I’m not talking about the front page of the newspaper or pundits on television. I’m talking about conversations taking place in coffee shops, barbershops and at the dinner table.
People are trying to make sense of the violent imagery.
The vast majority of these conversations are taking place without input from everyday police officers.
It seems almost every time I am in a group and tell them I am a retired police officer I inevitably get asked, “That’s great. I have some questions.”
I wonder how many people have the opportunity to speak with a police officer one on one and get their assessment of these videos.
First and foremost, when a police officer sees the use of force on the news, their first response is often the same as most people.
Mine is sometimes, “Damn, that looks bad.”
Given all my experience, if I feel an encounter looks bad I can only imagine what somebody who isn’t a police officer must think.
Policing is experiential – that’s where my evaluation of these events may start to differ from those who have never contacted an armed suspect.
In Baton Rouge, Louisiana two officers fought with an armed suspect. At the time the decision is made to shoot, I wonder, “What was the officer thinking?”
I also ask myself several other questions: What happened before the physical confrontation? What was said? What was the subject’s response? I am curious about physical and verbal responses.
What was the information the officers received from dispatch before and as they got out of their car?
What was the officer thinking when he heard his partner yell, “Gun!”
Did the shouting of the word “Gun!” change the response? How?
How much can we discern about what the officer was thinking from the video alone?
In Falcon Heights, Minnesota, the aftermath of a police shooting is caught on a cell phone by the shot man’s fiancé and broadcast to the world.

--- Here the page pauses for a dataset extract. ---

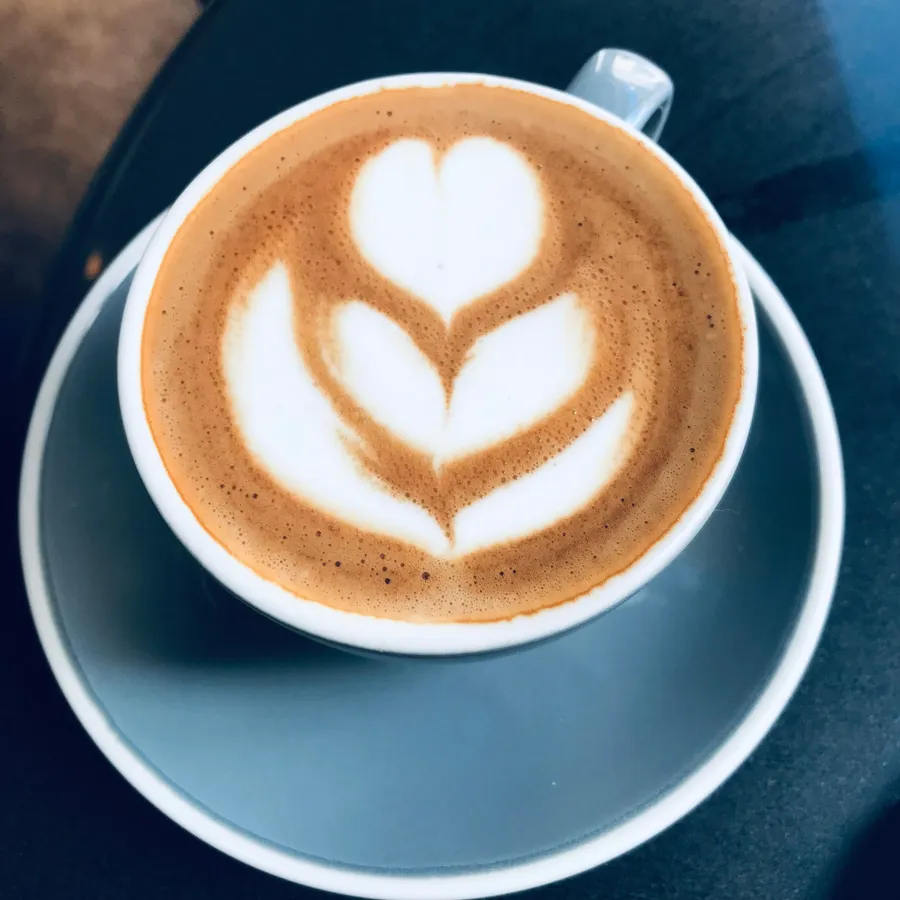 Capuchino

The emotional state of the officer is evident when he says, “”I told him not to reach for it. I told him to get his hand off it.”
The tragic imagery is powerful and moving. Once again I ask the question, “What was the officer thinking?”
What did the officer know before he approached the vehicle? What were the words exchanged? What was the subject’s response – both physical and verbal?
Did the officer’s experience and training adequately prepare him for this type of contact?
Let’s face it, experience and training make a difference in how a police officer processes events.
These two incidents and others are now under intense scrutiny – legally, procedurally and tactically.
Investigators, prosecutors, and department staff will be asking the same question: What was the officer thinking?